一方、北京で同時並行的に開かれている中国人民政治協商会議では、会議に参加した政府・党公認の”地上教会”のカトリック司教たちが昨年9月の中国・バチカン暫定合意(中国当局が一方的に任命していた司教たちを教皇が承認するもの)を支持することを確認した。
カトリック系のニュース・メディアucanews.comが7日付けで報じたもので、会議に出席した福建省閩東教区の Vincent Zhan Silu 司教は3日付けの香港の日刊紙、星島日報で「合意は、バチカン、中国双方にとって益をもたらすものであり、中国における教会の一致と健全な発展に資するものだ」と述べ、カトリック信者が政府公認の教会に強制的に加盟させられることに聖座が反対した、と聞いて驚いている、としたうえで、「教会が一つになる時には、政府公認(の教会)も政府非公認(の教会)もなくなる」と語った。

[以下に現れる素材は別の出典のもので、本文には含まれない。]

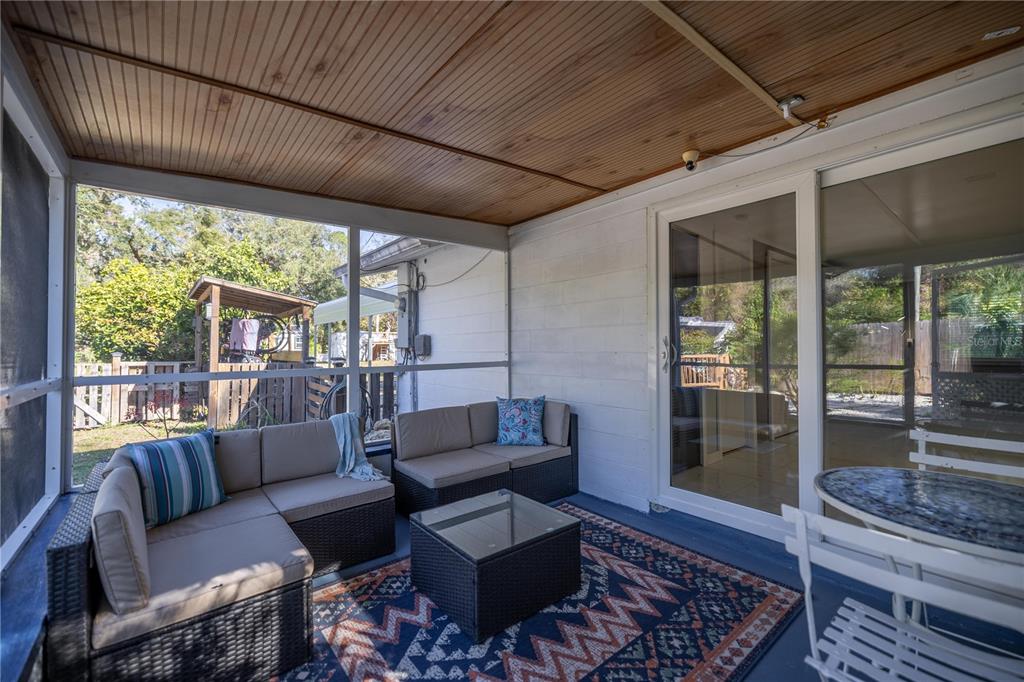 7 55th Street Yankeetown, FL 34498 - Photo 85 of 100 a living room with furniture and a floor to ceiling window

さらに、それが(教皇に忠誠を誓い、中国の政府・党の管理・統制に反対する)”地下教会”を強制的に消滅させることにならないか、との記者の質問には、「教会が統一されないほうがいいのですか。教会の分裂は信徒が望むことではありません」とし、さらに「公認教会への参加を拒んでいるカトリック信徒は彼らの個人的利益のためにそうしているのです」と反論。地下教会を統合する具体的な日程表はない、とも語った。
政府・党公認の中国天主愛国協会の副会長で四川省楽山教区の Paul Lei Shiyin 司教は同紙に、「暫定合意が年内に完全実施されると楽観している… 教会に対する規制が、信教の自由に影響を与えることはない」とする一方、内モンゴルのPaul Meng Qinglu司教は、暫定合意は2年で期限切れとなり、中国とバチカンは新たな合意について協議することになろう、との見通しを述べた。
注目されるのはバチカンの対応だ。アジアなど”宣教地域”の教会を管轄する福音宣教省長官のフェルナンド・フィローニ枢機卿は2月26日から3月6日にかけて台湾、香港、マカオを歴訪したが、5日の香港でのミサの後、「(昨年9月に結ばれた)合意は暫定的なもので、今後、改善する必要がある」と述べた。昨年9月の暫定合意以降、バチカン高官が公に合意見直しの可能性に言及したのは初めてとみられる。
暫定合意では、中国の政府・党が一方的に任命していた司教8人を教皇が承認したが、その一方で、教皇が任命し、中国共産党が認めていなかった”地下教会”の司教30人のうち、暫定合意後、これまでに中国当局が承認したのは一人だけだ。